Task prompt: For this exercise, retype every record below exactly and keep the pictures out.

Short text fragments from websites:
* * * * *

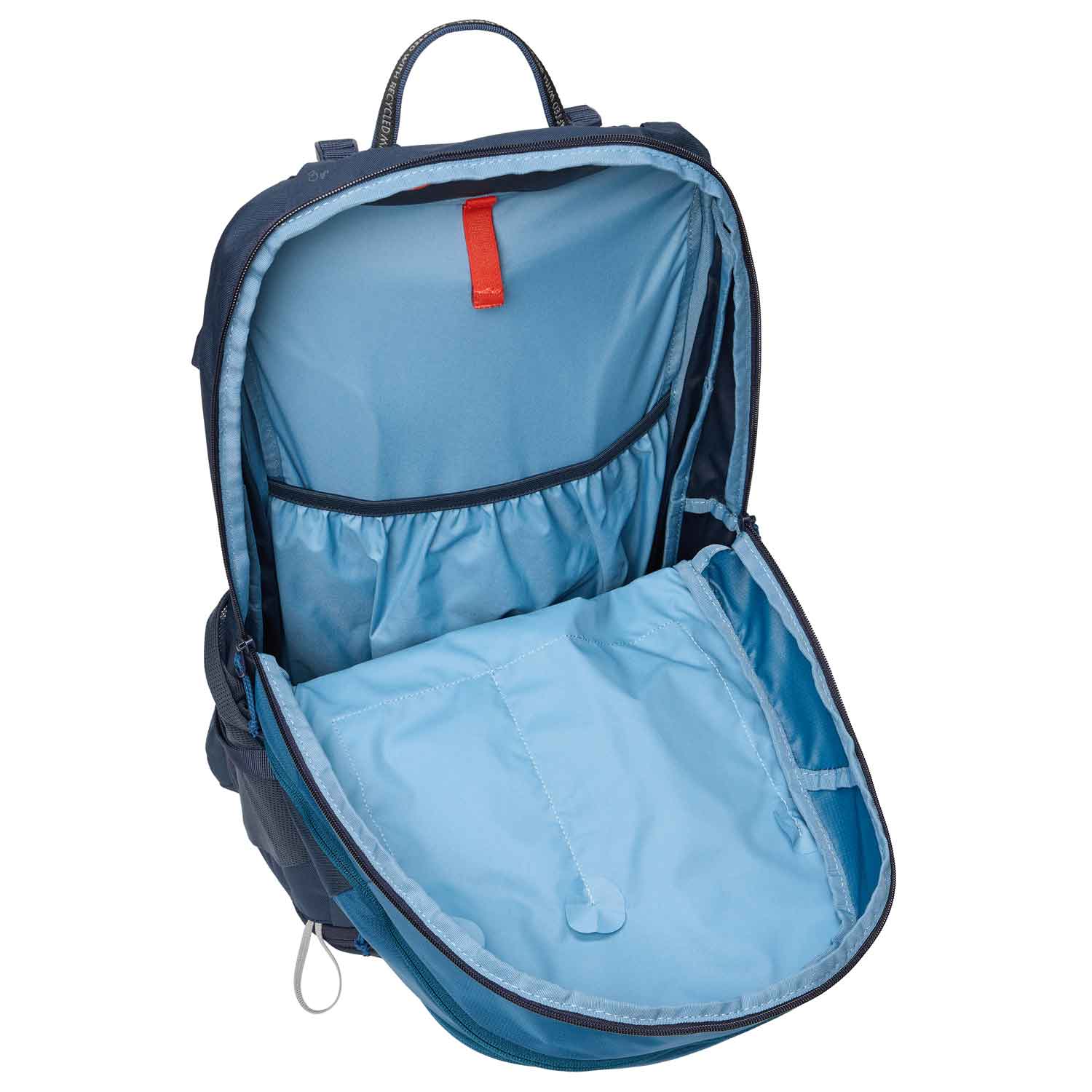 Vaude Wanderrucksack Wizard 30+4 baltic sea Abbildung 5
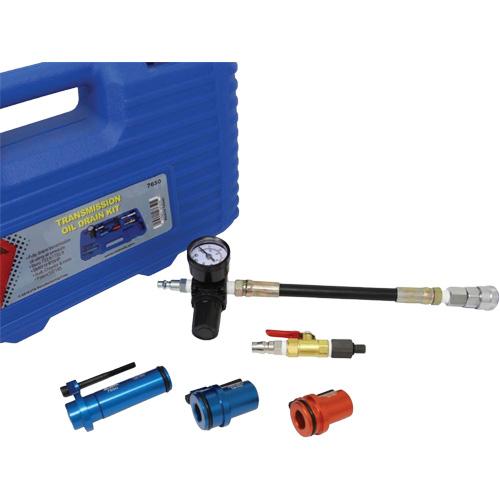 Trousse de vidange et de rinçage d'huile de transmission Par Equipment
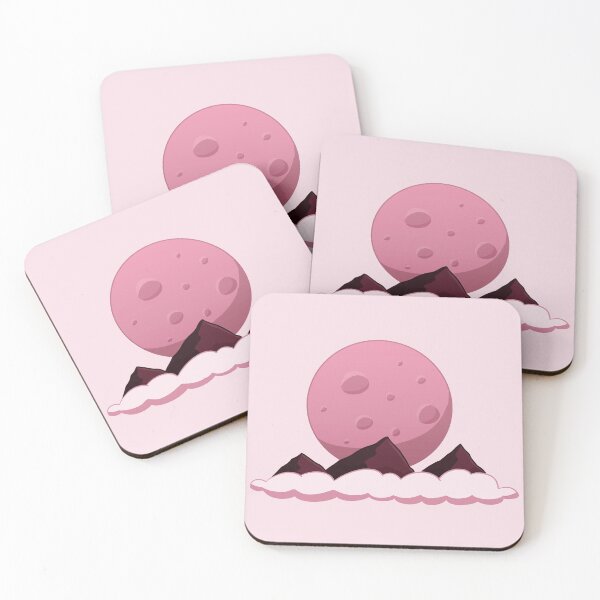 Item preview, Pink Moon designed and sold by Nana7Crown.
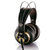AKG/爱科技 K240S头戴式专业发烧级监听耳机 录音师音乐hifi耳机(黑色)第2张高清大图
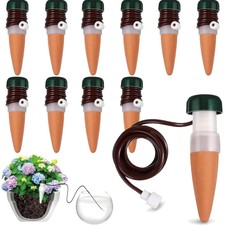 Pflanzen Bewässerungssystem 10 Stück - Idea...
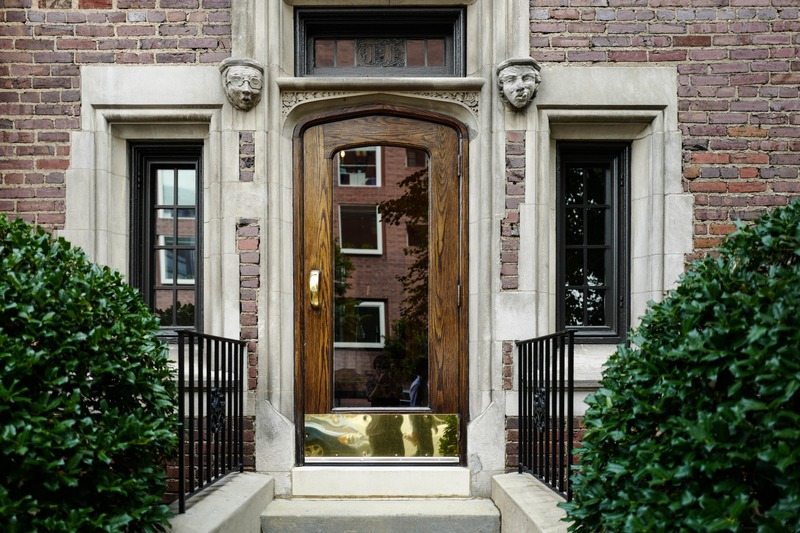 Elegant Entryway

* * * * *

Finished exercise:
 Vaude Wanderrucksack Wizard 30+4 baltic sea Abbildung 5
 Trousse de vidange et de rinçage d'huile de transmission Par Equipment
 Item preview, Pink Moon designed and sold by Nana7Crown.
AKG/爱科技 K240S头戴式专业发烧级监听耳机 录音师音乐hifi耳机(黑色)第2张高清大图
 Pflanzen Bewässerungssystem 10 Stück - Idea...
 Elegant Entryway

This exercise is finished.